Turkey bought three drilling ships in recent years as it dramatically expanded energy exploration in the Black Sea and contested waters of the eastern Mediterranean. It’s keen to find sizable energy reserves to ease its heavy reliance on imports from Iran, Iraq and Russia, and support one of the biggest economies in the Middle East.
The Fatih has been drilling to a depth of 3,500 to 4,000 meters (11,500 to 13,000 feet), Energy Minister Fatih Donmez said last month. TPAO, however, has no experience in deep-sea gas production and would likely need to enlist a major oil company to exploit a field. With oil and gas prices having slumped, the economics of developing such a find may be less attractive than in the past.
Tuna-1, some 150 kilometers from Turkey’s coast, is close to an area where maritime borders of Bulgaria and Romania converge and not far from Romania’s Neptun block, the largest gas find in the Black Sea in decades discovered eight years ago by Petrom and Exxon.
Romania has shallow-water gas projects, but a major deep-water find by eight years ago has still to be exploited. A company backed by the Carlyle Group is also exploring off Romania, aiming to get gas in 2021. Rosneft has explored in the Russian part of the Black Sea but without concrete results.

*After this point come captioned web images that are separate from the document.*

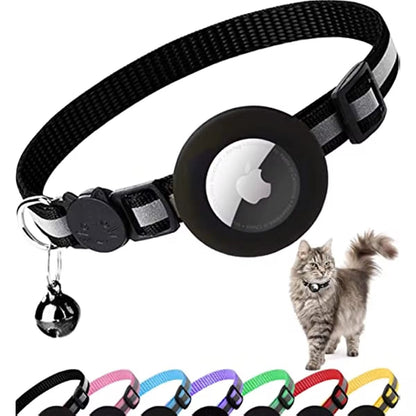 Airtag Cat Collar Breakaway, Reflective Kitten Collar with Apple Air Tag Holder and Bell for Girl Boy Cats, 0.4 Inches - My CTC Pet Store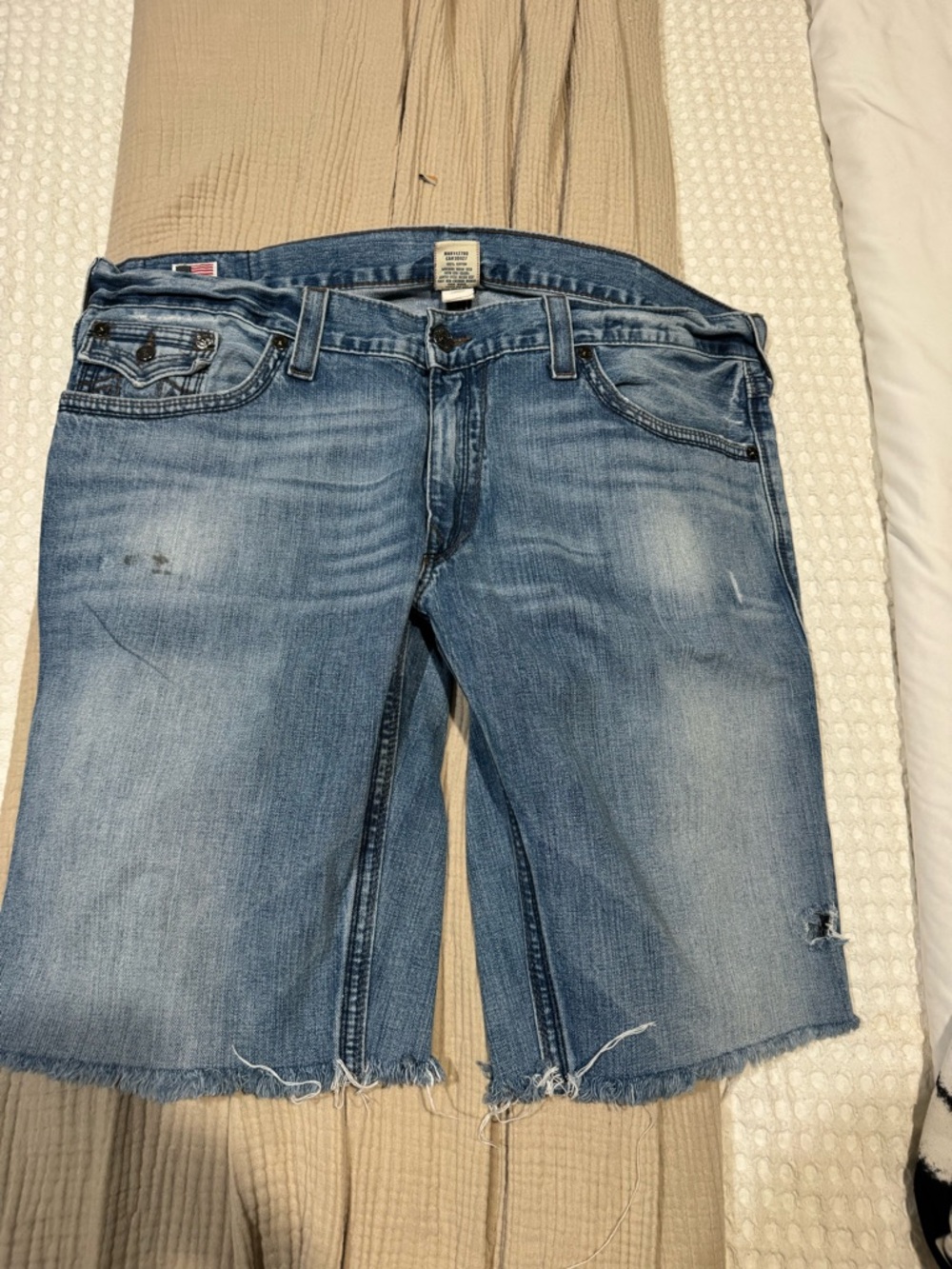 True Religion Light Wash Denim Jean Shorts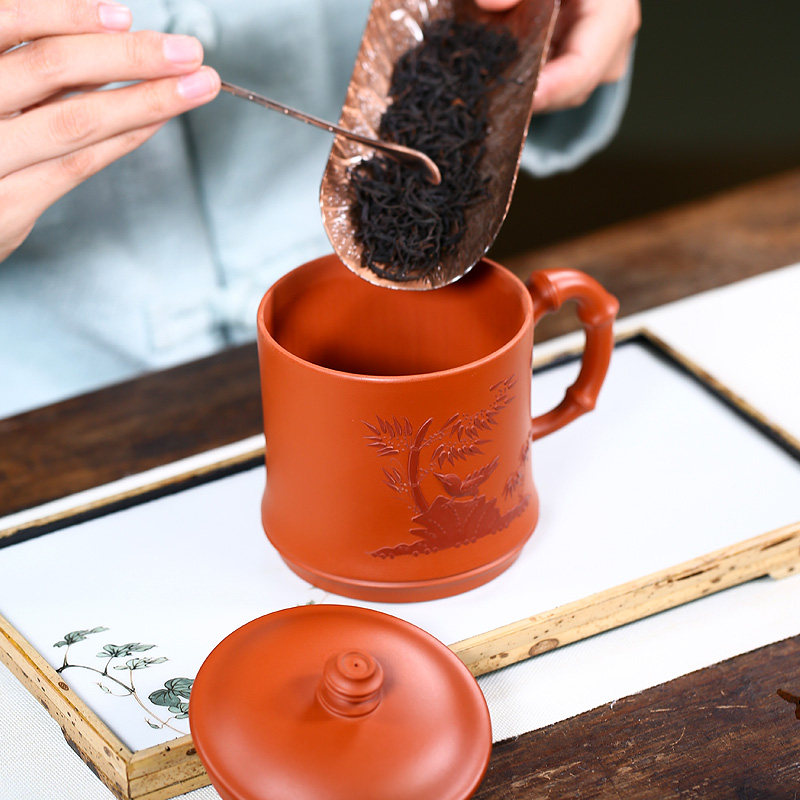 正宗宜兴紫砂原矿纯全手工朱泥大容量茶杯杯子带盖茶杯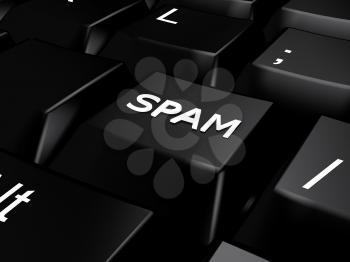 Royalty Free Clipart Image of a Spam Button on a Keyboard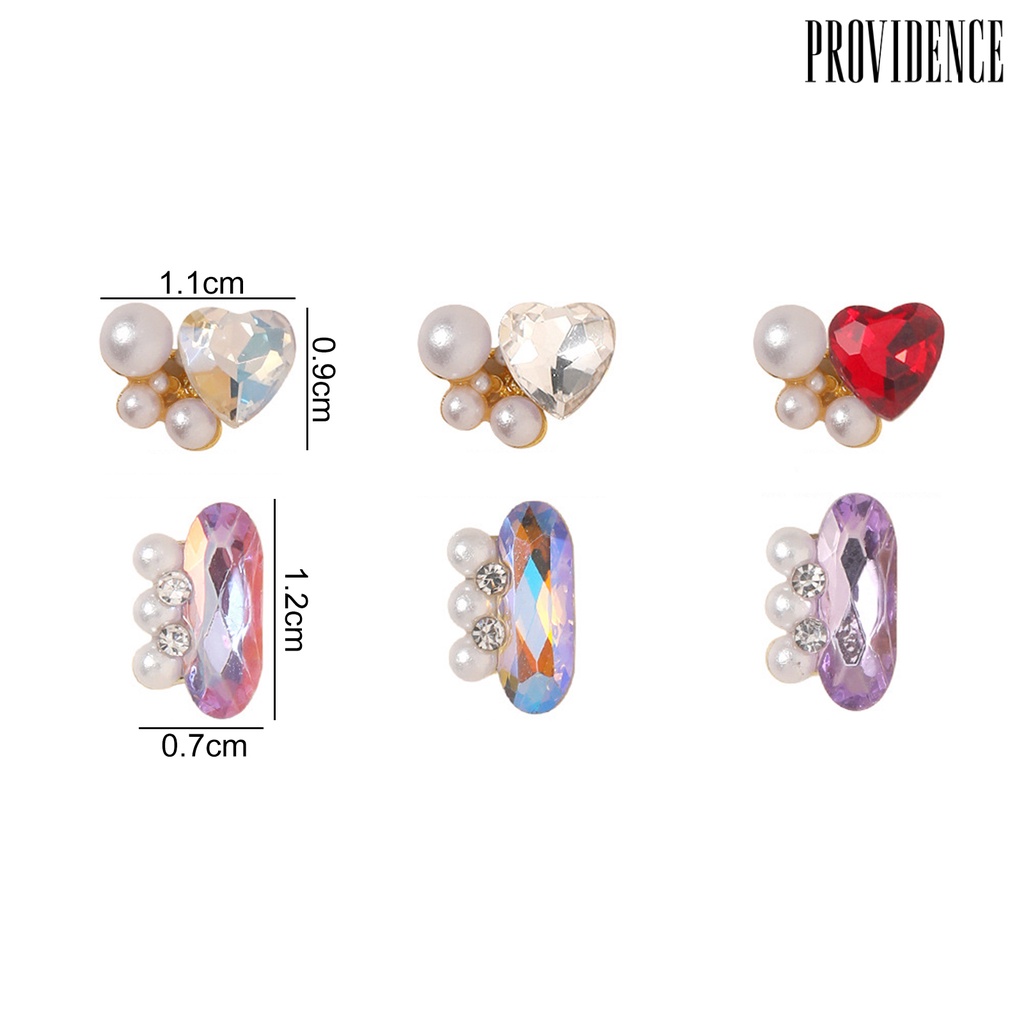 Providence 10Pcs Ornamen Kuku Tiga Dimensi Indah Bersinar Mewah Mutiara Imitasi DIY Nail Art Nail-Beauty Nail Art Dekorasi Berlian Imitasi Perlengkapan Salon Kuku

Turkey is mired in territorial disputes with Greece and Cyprus in the eastern Mediterranean as it searches for oil and gas in contested waters. France has temporarily increased its military presence to ward off Turkish steps, and German Chancellor Angela Merkel on Wednesday said the EU was concerned over the increased tensions.
Erdogan said he also expects “good news” from exploration activities in the eastern Mediterranean.